[License-discuss] Ethical open source licensing - Persona non Grata Preamble

Rick Moen rick at linuxmafia.com
Sat Feb 29 22:54:38 UTC 2020


Quoting Grahame Grieve (grahame at healthintersections.com.au):

[OSD #6:  No Discrimination against Fields of Endeavor.]

> This precludes discrimination against illegal activities, either in the
> source or user jurisdiction, right? Has this ever been tested in court?
> (E.g. an open source library that was a key contributor to empowering an
> illegal activity is targeted for allowing that use in it’s license).

Mu.  (Meaning no personal criticism, your question appears to rest on 
an incorrect assumption, hence cannot be technically answered either 
yes nor no.)

I don't think crime is deemed a field of endeavour within the meaning of
OSD's usage, for starters.  Beyond that:

If there have been licences submitted for OSI Certified approval that
specifically denied the grant of legal rights to persons using the code
for unlawful purposes, I cannot recall those at the moment.  It seems to
me that a licensor would achieve nothing by inserting that purported
restriction.  AFAIK, it's not the copyright stakeholder's moral or legal
burden to deal with crime, nor does the stakeholder have any obligation
to try, nor any advantage to so doing.  Heck, the stakeholder cannot be
expected to even predict or know about illegal modes of usage in the
innumerable jurisdictions around the world, let alone be accountable.

Crime is what we have law enforcement for, not what we have software
licensors for.


[OSD #5:  No Discrimination against Persons or Groups.]

> Further, the discussion on #5 specifically calls out ‘the process’ not just
> the software (though the discussion on #6 doesn’t). 

For reference, you're talking about comments at the 'Annotated' version
of OSD, at https://opensource.org/osd-annotated.

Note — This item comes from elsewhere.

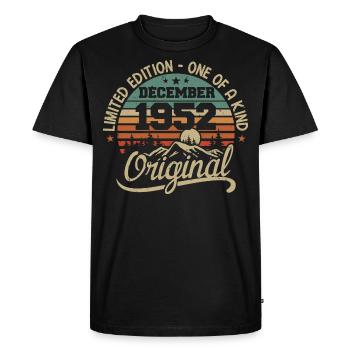 Original Cadeau Anniversaire 73 ans, Décembre 1952 - T-shirt Premium bio Homme - noir - Devant - Nico (187cm)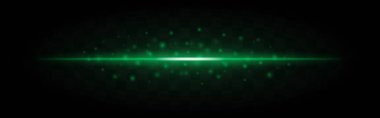 Yatay yeşil lazer ışını, saydam bir arka planda izole edilmiş dağınık parlak parçacıklar. Parlak enerji etkisi, bilim kurgu, fütüristik temalar veya dijital grafik tasarımı için idealdir..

> I’m not sure how to understand that. Say I got a PR that specifically
> made it possible to break the law using the source code. (I haven’t
> had such a PR, but there are places in my source where this could be
> done since my source is enforcing the law in places). Is the intent of
> the OSD that such a PR should be accepted since there should be no
> prejudicial treatment? I suspect not, but I feel as though some better
> explanation would be helpful.

I see no reason to think that OSD attempts to bar you from implementing
whatever policies you like, about incoming code pull requests.  OSD #5 is
concerned with gratuitous 'locking out' (to borrow the annotated text's
phrase) of particular groups or persons via restrictions written into
the licence terms themselves.

As I've mentioned recently in this space, the fundamental right to fork
that underlies all open source / free software codebases means that 
any obstructive project rules and practices can be, in the words of the
late John Perry Barlow, treated as damage and routed around.  E.g., if 
you or I decree that we are going to enact a prejudicial regime of some
sort concerning further development of the codebase under your/my
supervision, anyone objecting to your/my policy is free to ignore that
policy and act differently concerning that person's own code instance
and develop it differently.

-- 
Cheers,                          "Maybe the law ain't perfect, but it's the only
Rick Moen                        one we got, and without it we got nuthin'."
rick at linuxmafia.com              -- U.S. Deputy Marshal Bass Reeves, circa 1875
McQ! (4x80)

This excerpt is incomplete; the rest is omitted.